- [Task to carry out]
Within the material below, filter for lines that hold the word "Gallery".

Records for this task Start Marker

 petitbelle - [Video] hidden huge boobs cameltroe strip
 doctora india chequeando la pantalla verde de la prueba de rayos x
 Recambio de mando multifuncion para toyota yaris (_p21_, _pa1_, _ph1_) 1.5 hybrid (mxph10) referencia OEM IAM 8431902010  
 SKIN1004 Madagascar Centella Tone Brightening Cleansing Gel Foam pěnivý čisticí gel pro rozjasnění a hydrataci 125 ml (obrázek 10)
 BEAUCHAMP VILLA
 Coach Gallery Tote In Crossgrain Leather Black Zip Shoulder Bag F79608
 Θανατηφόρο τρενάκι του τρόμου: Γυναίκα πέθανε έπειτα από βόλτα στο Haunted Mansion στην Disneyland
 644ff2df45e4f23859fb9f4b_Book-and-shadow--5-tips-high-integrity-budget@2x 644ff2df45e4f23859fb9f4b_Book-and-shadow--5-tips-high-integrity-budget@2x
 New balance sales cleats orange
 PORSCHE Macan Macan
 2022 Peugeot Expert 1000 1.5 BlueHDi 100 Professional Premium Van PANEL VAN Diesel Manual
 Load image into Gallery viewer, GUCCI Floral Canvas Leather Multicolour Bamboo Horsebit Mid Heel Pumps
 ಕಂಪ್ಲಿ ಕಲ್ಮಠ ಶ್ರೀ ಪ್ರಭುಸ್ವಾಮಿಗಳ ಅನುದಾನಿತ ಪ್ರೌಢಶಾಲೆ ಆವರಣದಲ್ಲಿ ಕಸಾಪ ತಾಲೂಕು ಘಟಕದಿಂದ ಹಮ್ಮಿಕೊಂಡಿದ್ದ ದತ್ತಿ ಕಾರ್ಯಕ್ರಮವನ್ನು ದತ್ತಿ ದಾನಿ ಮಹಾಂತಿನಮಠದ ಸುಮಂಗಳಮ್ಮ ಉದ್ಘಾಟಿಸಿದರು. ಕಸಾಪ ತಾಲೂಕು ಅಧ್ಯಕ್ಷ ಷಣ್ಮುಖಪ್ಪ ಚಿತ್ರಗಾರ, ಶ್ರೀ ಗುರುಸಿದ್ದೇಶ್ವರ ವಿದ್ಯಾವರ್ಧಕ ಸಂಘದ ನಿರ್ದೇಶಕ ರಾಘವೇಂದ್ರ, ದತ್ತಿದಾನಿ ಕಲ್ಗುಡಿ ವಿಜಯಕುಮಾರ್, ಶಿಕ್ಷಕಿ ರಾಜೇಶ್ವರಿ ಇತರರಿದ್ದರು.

Records for this task End Marker

- [Answer]
 Coach Gallery Tote In Crossgrain Leather Black Zip Shoulder Bag F79608
 Load image into Gallery viewer, GUCCI Floral Canvas Leather Multicolour Bamboo Horsebit Mid Heel Pumps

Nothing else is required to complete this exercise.